You’ll need to edit the kml code if you then want to remove the small section, and the globe is an oblate spheroid not a sphere, so all representations of GCs are going to be approximate, but this is a good starting point if you want to play with the greater section of a GC.
Start at Cape Horn and sail westwards, but aiming to arrive 1m further south when you get back to Cape Horn. Keep going and you will sail a straight line, slowly spiralling south until you hit Antarctica. This will get you the longest straight line (if not, aim 10cm south…)
Al,
What you are describing is a Rhumb line / Loxodrome. In terms of spherical geometry, I’m afraid it’s a curve, not a straight line. More info here:
http://en.wikipedia.org/wiki/Rhumb_line
Yes, I know what a rhumb line is, but the article is about the “world’s longest straight line sail”
If I’m on my boat I set the autopilot to a constant bearing of 269.9 degrees and start sailing from Cape Horn. I’m definitely sailing a straight line in my reference frame as the constant bearing never changes.
But your route would NOT be the shortest distance between start and finish. You’d have to use a great circle to get that. You would never be going straight ahead. By locking into a fixed heading, you could go an infinite distance if you start, for example, anywhere on the 60d S line and just stay on it, and you’d never hit land.
The ‘Cooke passage’ : a new world’s longest straight-line sail ?
http://blog.geogarage.com/2015/05/the-cooke-passage-new-worlds-longest.html
The one linked in the article looks like someone eyeballed my original solution. It does hit an island off of Africa. I found a better, verified one which is 19914 miles. I explain (with coords) in my facebook post which I’ll copy here.
About 10 years ago I posted a challenge on the Google Earth (GE) forum to
find the longest straight line you could travel over water before hitting land again.
https://productforums.google.com/forum/#!topic/gec-fun-games/WZ3P_IvO0pc
That forum is now archived and no one can post on that thread. But it’s still there for all to see.
I posted under the username Kryten (-after my favorite mechanoid, my standard name on all forums).
My solution was pretty good, and it doesn’t appear that anyone could find a longer path (-my solution was 19820 miles).
Years later I saw it referenced in a UK article and Ken Jennings posted something on it.

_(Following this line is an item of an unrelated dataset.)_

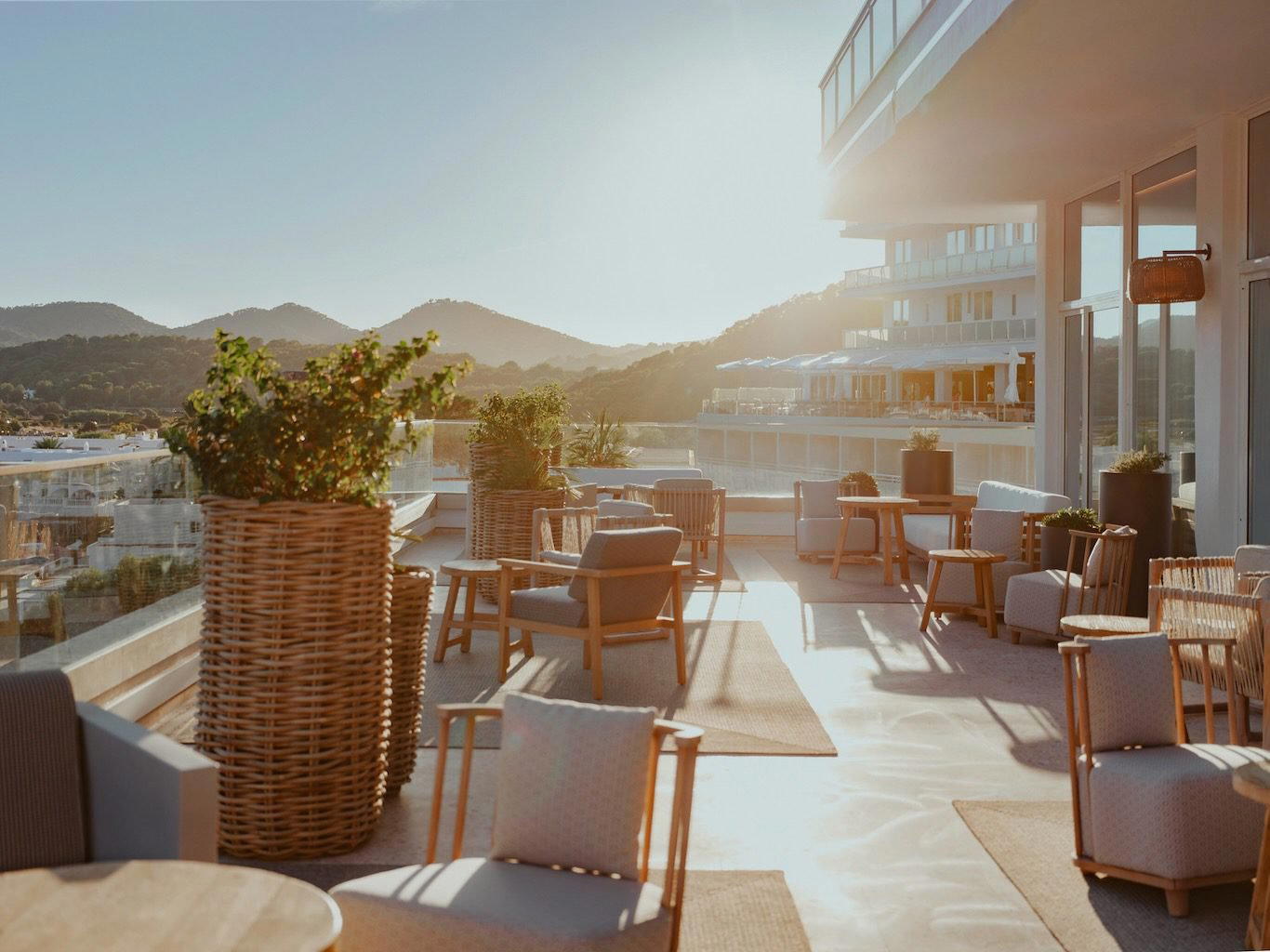 Sun & Moon bar in Cala Llonga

But nobody ever linked back to that forum.
But now, using Google Earth Pro, I was able to modify it with two great circles that split the
globe, each with a radius of 6225.25 miles (with centers from opposite points on the earth) and have verified the length with these new coords as at least 19914 miles– nearly 100 miles longer!
Here are the endpoints.
Karachi end:
25d 20′ 41″ N
66d 33′ 55″ E
Kamchatka end:
59d 45′ 00″ N
163d 22′ 25″ E
Some points in between:
54d 10′ 20.62″ S
3d 4′ 12.91″ E
This is about 17 miles NW of Bouvet Island
28d 21′ 5.77″ S
111d 23′ 17.18″ W
This is about 143 miles SW of Easter Island
You can recreate my line using those 4 coordinates.
It’s very difficult to get a straight line that long in GE. You have to use multiple lines or a path with multiple segments.
My proven solution uses a circle that splits the earth evenly, making it a “great circle”. (Anything that isn’t a great circle isn’t really a straight line– you’d have to constantly veer to the left or right by some amount.)